A pressing need for situational awareness
Our engagement with the response coalition, which spans the humanitarian, national security and civil service sectors, uncovered a common pain point: the complex variables associated with the North Kivu outbreak are simply not visible in a shared common environment, let alone ready for real-time analysis. Epidemiological case data is officially published in mapping products that exist independently of data related to conflict, population change and local infrastructure.
Moreover, what products do exist are produced with licensed software through a closed-source environment that can be neither replicated and improved by research groups nor supplemented with local data for local use.
This prohibits nongovernmental organizations, universities, government agencies and local users from customizing geospatial products for their own interests and needs, including adding data that could be critical for the response community. In addition, users of the official publications cannot readily conduct analyses of the officially published data and are not able to directly download the input information.
The result of this fragmented data environment is a lack of situational awareness which heightens the risk that decisions are made with incomplete information or faulty assumptions. In addition, these conditions make it difficult to prioritize increasingly-limited resources. The response coalition must focus on the highest-priority daily emergencies, which, understandably, do not typically include technology development.
An open-source, integrated solution
To meet this need, we have created an open-source, fully integrated geospatial visualization and analysis tool that can be utilized and improved by the global community. The application prototype, built using the Mapbox GL JS API, is now available to view, and the source code is publicly available in Github. We also created a data wiki with a dedicated page for each of the key layers in the application with links to sources and local copies of each dataset.
Key data features
- The platform integrates all relevant geospatial data sources in a single field of view. This includes one of the first applications of the Facebook/Columbia University’s Center for International Earth Science Information Network high resolution population density datasets.
- Users can clone the project and create a private version that incorporates additional data sources. This additional data can be either private or publicly released, at the discretion of the data provider.

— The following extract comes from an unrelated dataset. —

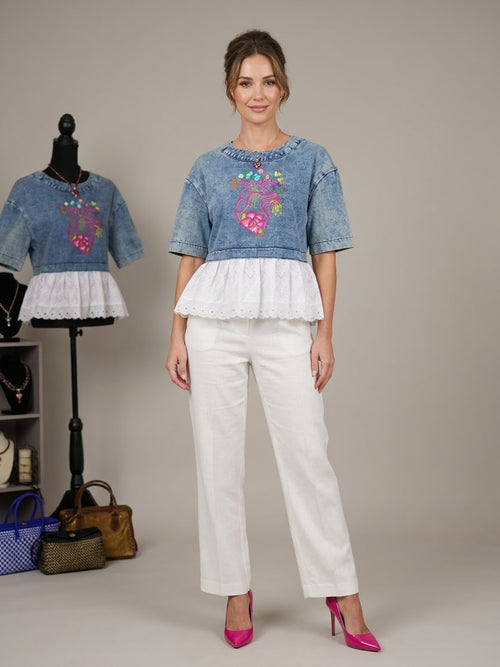 Free spirit top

- All data sources are fully documented and available for download.
Key design features
- Users can inspect the code responsible for the integration, manipulation and visualization of all datasets.
- Research teams from around the world can improve the design and functionality of the published application.
- Viewing, analyzing and editing the application can all be done using open-source tools, eliminating the need to purchase proprietary software.
Uncovering barriers in the data environment
Beyond the development of the UI, many of the challenges our team faced were related to data formats and compatibility. As a result, we were able to add value by automating processes and conducting more complex conversions with the resources of a world-class research university. However, data providers can eliminate these barriers for contributors with limited resources by adopting geospatial data standards and best practices. Simple adjustments upstream can then make considerable impact on downstream workflow.
How to participate
Greater visibility of complex crises can fundamentally change the way that organizations prioritize their resources and efforts, which in turn can save lives and increase social stability. This project aims to increase situational awareness for the Ebola response coalition, and to create a mechanism for easy replication to different humanitarian contexts in the process. You can help by contributing data, by directly improving the application using the source code, or simply by sharing feedback with our team at firstname.lastname@example.org.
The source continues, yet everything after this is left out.